C’era una volta un primo maggio, alcuni ragazzacci di Bra partono per Roma e si vivono alla grande tutto l’evento (chissà chi c’era a suonare), un’esperienza indimenticabile, tornano a Bra con un semplice concetto in testa, che tutti nessuno escluso abbiamo avuto: formare un gruppo → diventare famosi. Ma uno su mille ce la fa, e forse quell’uno erano proprio loro. Pop d’assalto, tutto molto blu neon, partono fortissimo, alla seconda corsa perdono il fiato.

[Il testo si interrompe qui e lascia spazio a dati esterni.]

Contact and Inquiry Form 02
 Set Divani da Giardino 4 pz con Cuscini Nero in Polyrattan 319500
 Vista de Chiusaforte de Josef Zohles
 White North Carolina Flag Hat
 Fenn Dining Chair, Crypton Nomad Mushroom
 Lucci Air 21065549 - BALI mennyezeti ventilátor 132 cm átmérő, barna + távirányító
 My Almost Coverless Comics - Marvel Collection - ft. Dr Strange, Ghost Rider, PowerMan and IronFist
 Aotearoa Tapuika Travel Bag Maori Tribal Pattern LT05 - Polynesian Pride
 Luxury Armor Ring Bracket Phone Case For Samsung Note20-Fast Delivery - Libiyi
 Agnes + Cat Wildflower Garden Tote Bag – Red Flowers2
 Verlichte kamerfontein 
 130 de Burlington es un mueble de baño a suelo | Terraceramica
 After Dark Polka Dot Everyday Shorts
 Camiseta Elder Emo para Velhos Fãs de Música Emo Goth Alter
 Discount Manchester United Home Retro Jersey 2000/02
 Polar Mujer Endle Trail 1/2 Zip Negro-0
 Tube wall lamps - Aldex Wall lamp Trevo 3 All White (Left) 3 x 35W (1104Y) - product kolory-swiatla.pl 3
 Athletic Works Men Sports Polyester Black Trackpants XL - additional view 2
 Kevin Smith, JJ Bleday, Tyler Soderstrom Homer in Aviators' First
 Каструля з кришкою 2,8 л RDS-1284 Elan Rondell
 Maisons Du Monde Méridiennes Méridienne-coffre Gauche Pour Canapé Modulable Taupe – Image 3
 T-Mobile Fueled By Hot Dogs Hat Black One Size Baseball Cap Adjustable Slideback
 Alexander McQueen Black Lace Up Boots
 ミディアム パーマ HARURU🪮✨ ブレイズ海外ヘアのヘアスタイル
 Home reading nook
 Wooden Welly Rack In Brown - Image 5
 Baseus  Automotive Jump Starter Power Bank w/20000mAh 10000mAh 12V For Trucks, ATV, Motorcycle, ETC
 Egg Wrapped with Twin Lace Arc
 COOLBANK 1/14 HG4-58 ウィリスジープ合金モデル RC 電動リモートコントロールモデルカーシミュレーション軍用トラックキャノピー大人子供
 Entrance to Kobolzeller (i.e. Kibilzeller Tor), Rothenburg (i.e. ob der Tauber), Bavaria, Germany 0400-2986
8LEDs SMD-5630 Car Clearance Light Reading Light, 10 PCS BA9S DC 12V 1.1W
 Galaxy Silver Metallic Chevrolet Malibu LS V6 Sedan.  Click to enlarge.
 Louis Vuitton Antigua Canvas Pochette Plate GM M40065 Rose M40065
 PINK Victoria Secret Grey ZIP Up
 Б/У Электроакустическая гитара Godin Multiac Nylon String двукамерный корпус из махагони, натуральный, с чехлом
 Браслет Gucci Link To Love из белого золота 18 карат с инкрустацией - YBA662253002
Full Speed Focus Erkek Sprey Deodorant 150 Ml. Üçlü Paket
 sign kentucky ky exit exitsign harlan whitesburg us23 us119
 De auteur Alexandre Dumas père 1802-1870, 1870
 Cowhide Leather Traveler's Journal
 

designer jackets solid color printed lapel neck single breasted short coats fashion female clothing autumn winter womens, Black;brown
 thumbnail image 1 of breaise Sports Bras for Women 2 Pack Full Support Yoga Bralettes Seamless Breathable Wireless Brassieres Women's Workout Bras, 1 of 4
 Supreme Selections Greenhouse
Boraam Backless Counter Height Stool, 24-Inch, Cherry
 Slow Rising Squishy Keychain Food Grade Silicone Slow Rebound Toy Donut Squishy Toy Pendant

Si rialzano e scrivono un album con un titolo stupendo, “Mi manca chiunque”, che basta quasi a dargli una stabilità quantomeno discografica, ma il quasi non basta.
Stanno cambiando, o diventando loro stessi, è come se dalle canzoni togliessero i colori accesi per concentrarsi sui disegni, di storie, persone, dettagli. Fanno un disco più difficile e sofferente possibile, quasi a decidere da loro quando e come lasciare le scene, sulla copertina c’è un aereo che viene giù. «Si considera una storia chiusa». Sono trascorsi molti anni da quel famoso primo maggio e il cantante torna a Roma, stavolta per restarci, ora Stefano Sardo fa lo sceneggiatore, il suo mondo non è più la musica ma il cinema. Eppure qualche volta i Mambassa si riuniscono, formazioni un po’ diverse ma le canzoni rimangono, ed ogni volta pubblicano un bel disco triste tanto per far pentire la musica di quale gran gruppo si lascia scappare. Sarebbe bellissimo se la scalata ricominciasse e questa nuova prima volta non sia l’ultima. Comunque, guarda caso, oggi ci sono insieme la musica e il cinema (vekkio).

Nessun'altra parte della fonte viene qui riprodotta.